In a post on its blog, Oculus says that the benefits of the partnership might not be immediately visible.

At first glance, it might not seem obvious why Oculus is partnering with Facebook, a company focused on connecting people, investing in internet access for the world and pushing an open computing platform. But when you consider it more carefully, we’re culturally aligned with a focus on innovating and hiring the best and brightest; we believe communication drives new platforms; we want to contribute to a more open, connected world; and we both see virtual reality as the next step.

Most important, Facebook understands the potential for VR. Mark and his team share our vision for virtual reality’s potential to transform the way we learn, share, play, and communicate. Facebook is a company that believes that anything is possible with the right group of people, and we couldn’t agree more.

Facebook, of course, found early success with games. Social gaming is responsible for a lot of the growth and spread of Facebook as a platform, rather than just a social service. Acquiring Oculus could signal a variety of things, but being able to tap into what is potentially the next big gaming trend is likely one of them. In addition, Facebook has been aggressive about understanding and supporting mobile use cases — but only after an initial period of foot-dragging and desktop focus. If VR is “what’s next” then Facebook will want to tap the market early to avoid any transitional gaffes this time around.

The purchase is expected to close in Q2 of 2014. Oculus has taken over 75K orders for its virtual reality headset so far. Those headsets have been developer editions designed to get developers interested in playing around with VR technology. The most recent “Crystal Cove” prototype features a full 1080p display and more sensors to detect and position users in virtual environments.

Of course, if you pull the thread of virtual reality out really really far, you could see a future where we’re not talking about the percentage of time people spend on mobile vs. desktop. Instead, we’re talking about the amount of time that people spend in virtual reality versus actual reality. In that kind of landscape, Facebook starting in on VR early makes painfully obvious sense.

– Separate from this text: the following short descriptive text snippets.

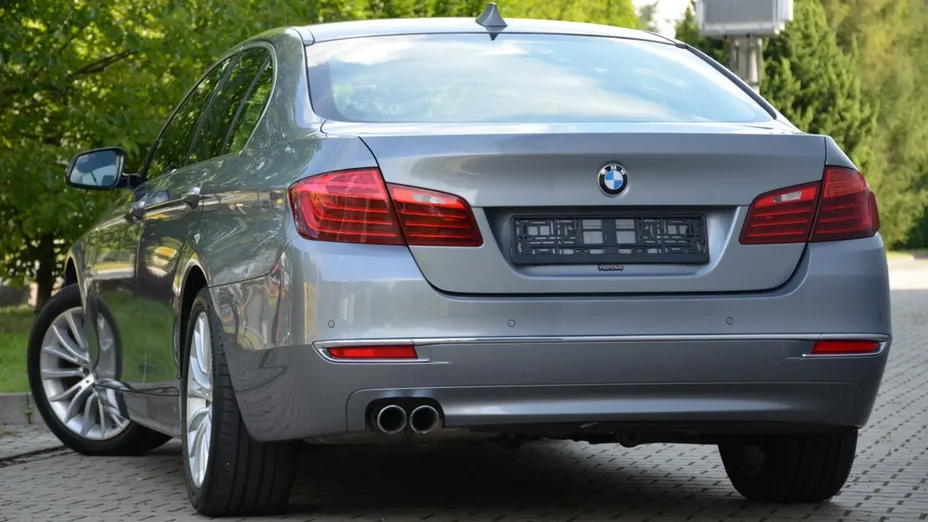 BMW Seria 5 -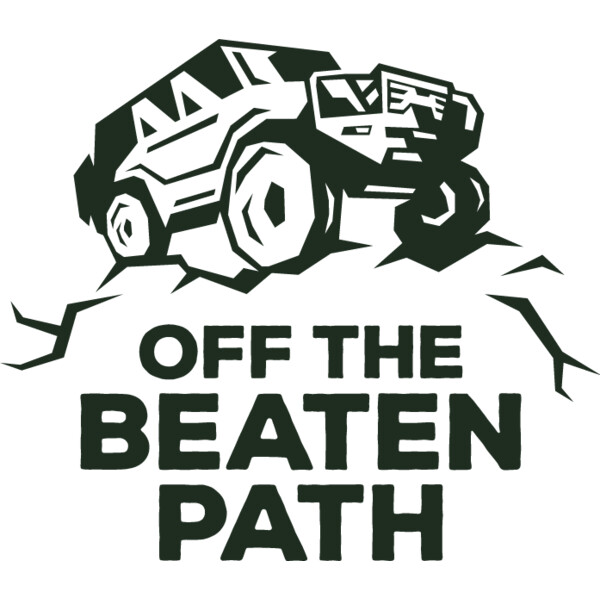 Off The Beaten Path - logo - green Thumbnail
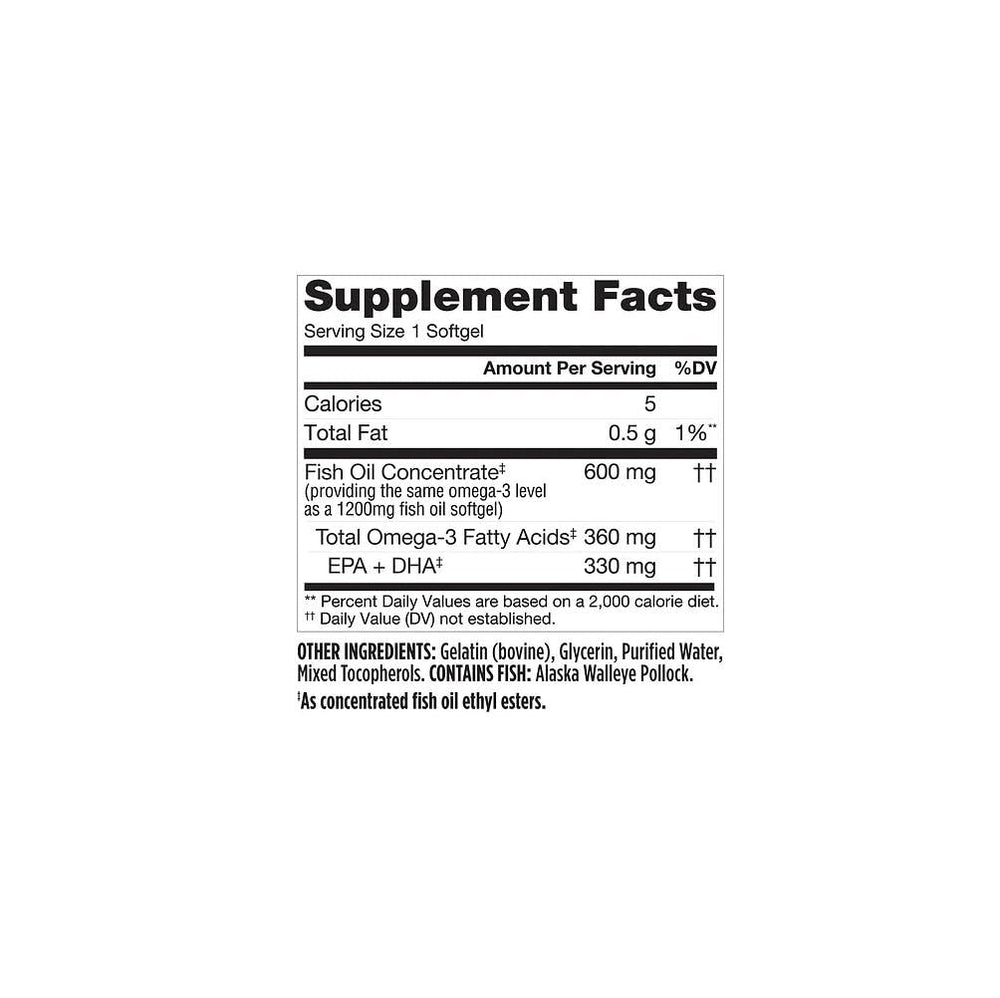 Wild-caught Alaskan fish illustration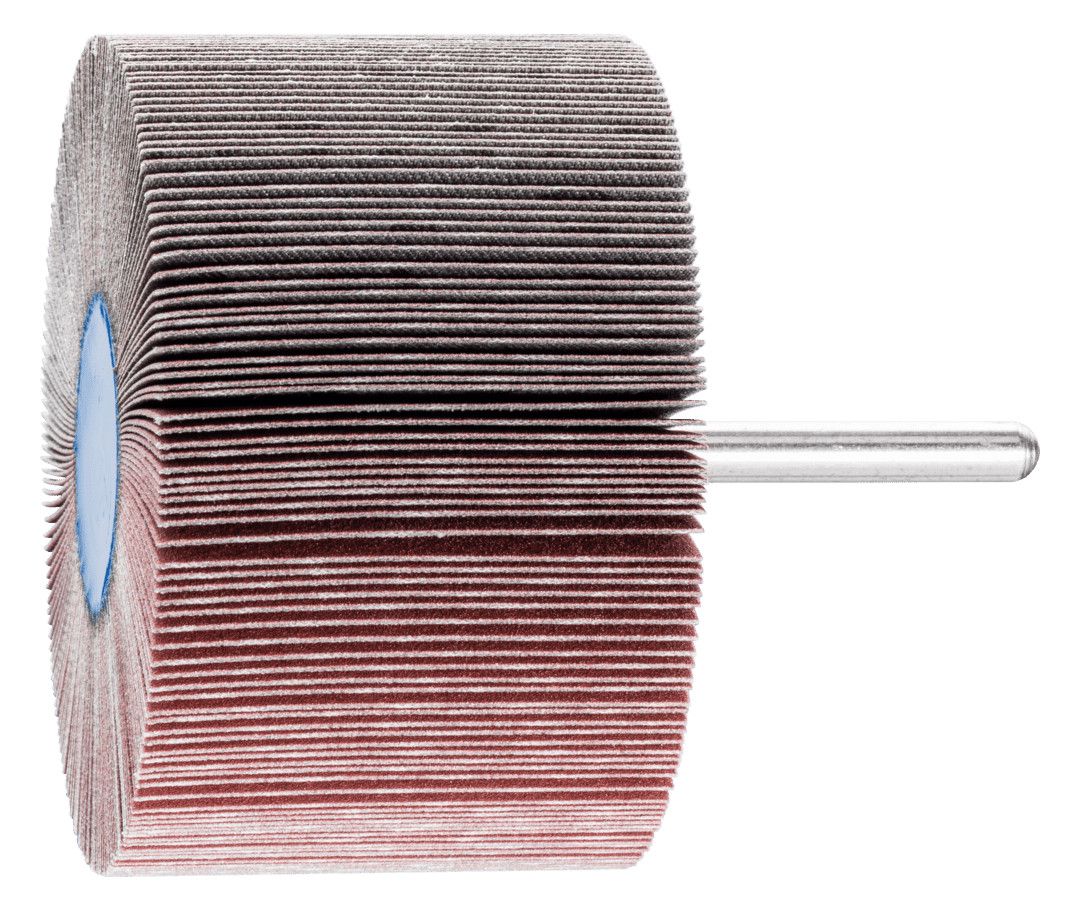 PFERD Fächerschleifer mit 6mm-Schaft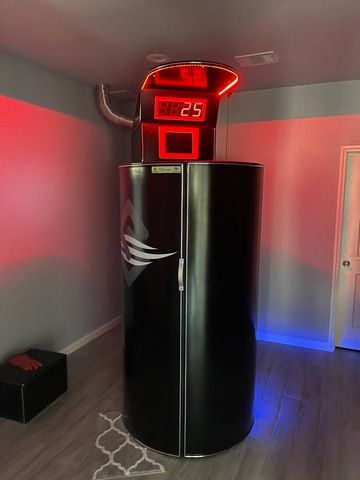 2020 Cryomed PRO, Texas, USA used cryotherapy machine - photo 1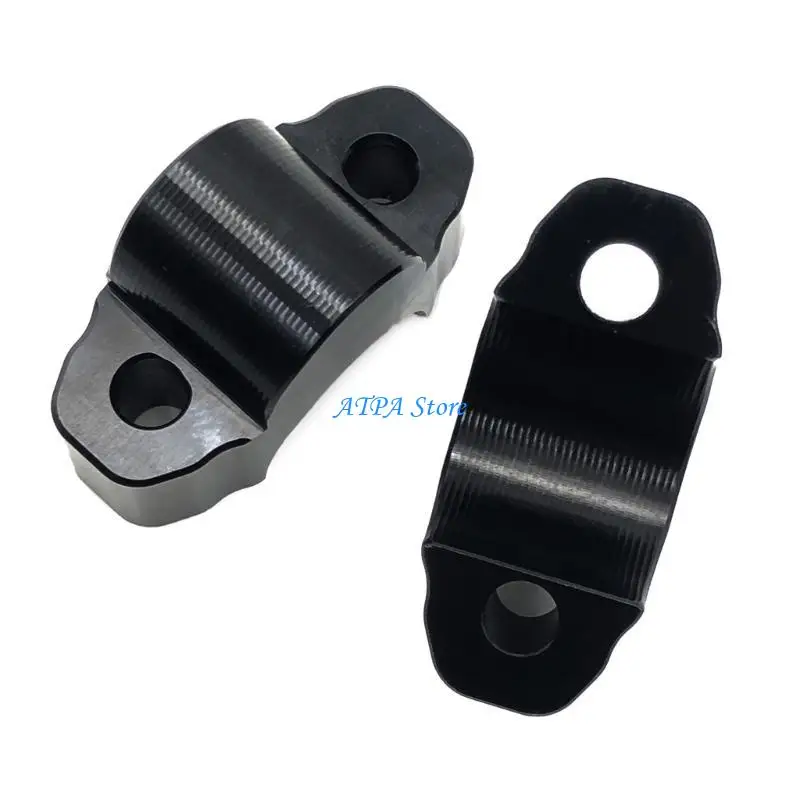 

U13C Motorcycle Handlebar Riser Motocross Heightening Clamp Mount Pit Bike Motorbike Accessories for Tenere 700 2019-2023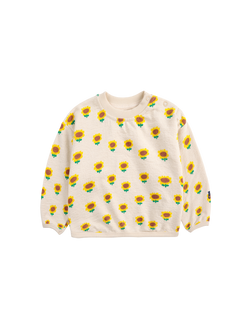 Sunflower Baby Sweatshirt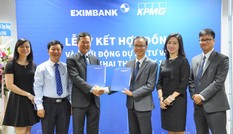 Ngân hàng Eximbank triển khai dự án tư vấn và thực hiện thông tư 13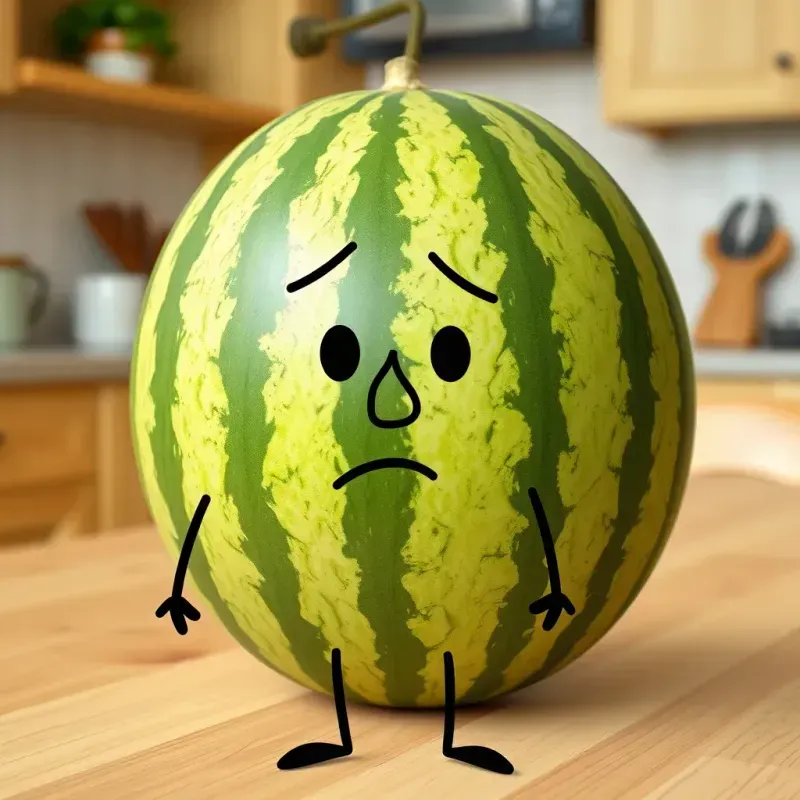 Expressive Fruits And Vegetables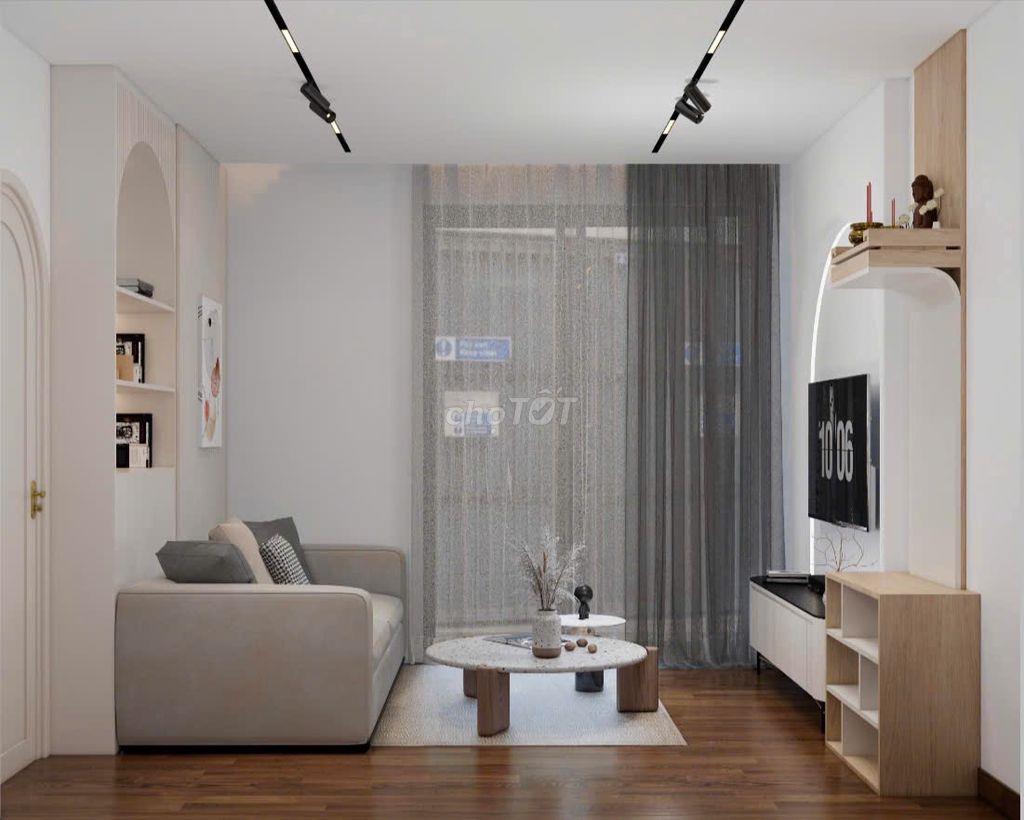 Bán căn hộ 1PN 1WC 60m² tại Vista Verde, full nội thất, có sổ hồng
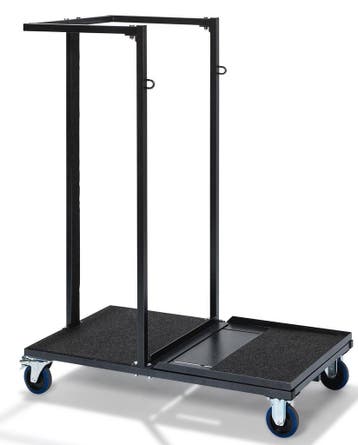 Trolley voor Kantinestoelen en Barkrukken, Ophalen of Verzenden, Nieuw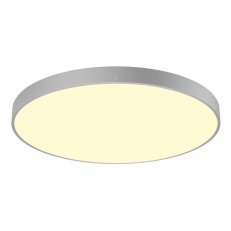 MEDO 90 stropní nástavbové svítidlo kulaté 2700/3000/4000K 79W fáze 110° šedá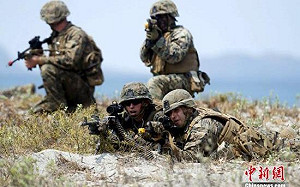 2022美菲全面恢復軍演 中媒 : 美擬增強在菲軍事存在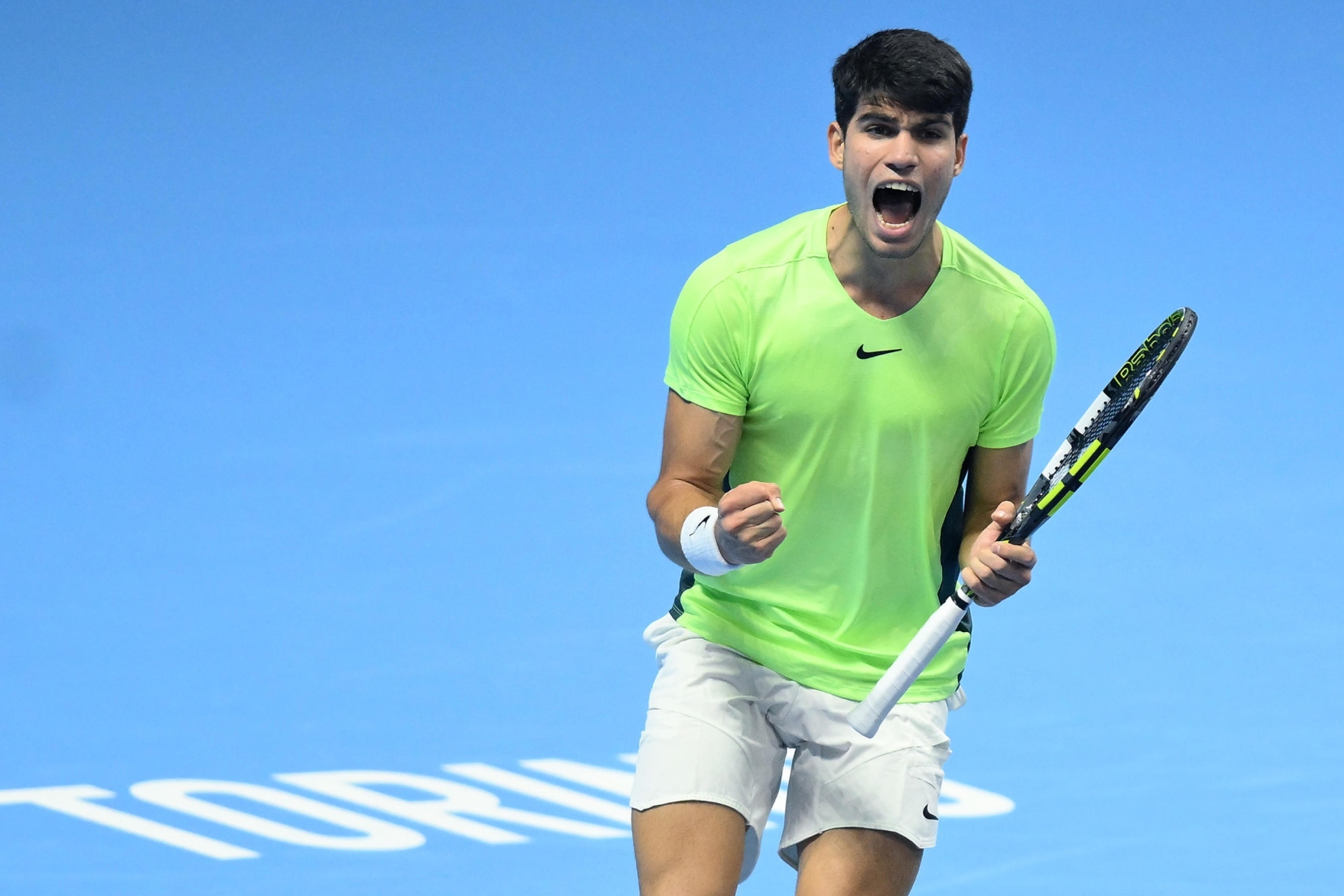 Carlos Alcaraz returns to the Masters with a convincing win over Rublev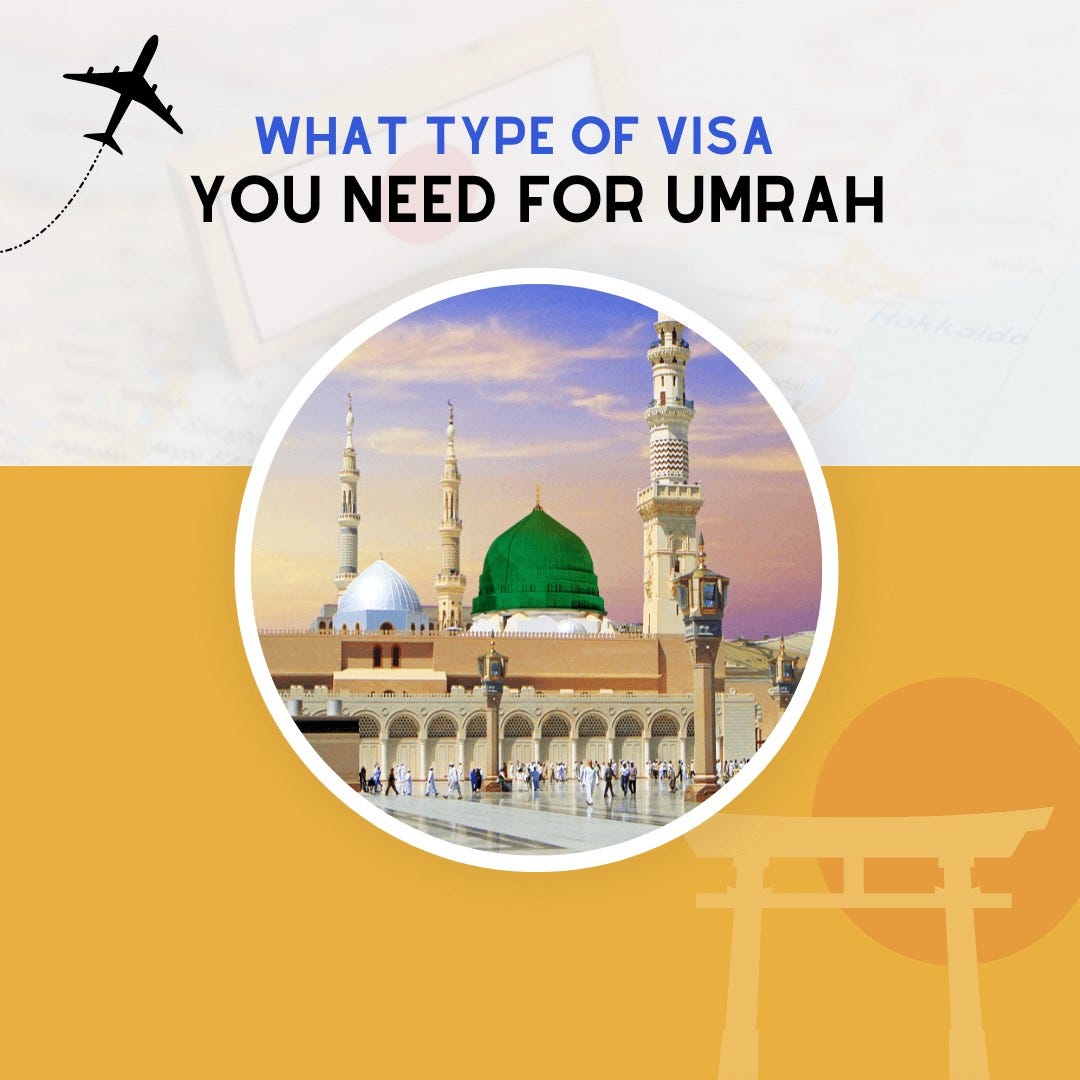 What Type Of Visa Do You Need For Umrah By Shaykh Umar Hassan Medium   1*5saC7aCAbeeuFTdy0tTcsw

The company has received a total of $93.4 million in funding so far from Spark, Matrix, Founders Fund, Formation 8, BIG Ventures and Andreessen Horowitz. Oculus got a big boost in legitimacy recently when one of the founding fathers of 3D gaming, John Carmack, left id Software to become its CTO.

“Over the next 10 years, virtual reality will become ubiquitous, affordable, and transformative,” concludes the Oculus post, “and it begins with a truly next-generation gaming experience. This partnership ensures that the Oculus platform is coming, and that it’s going to change gaming forever.”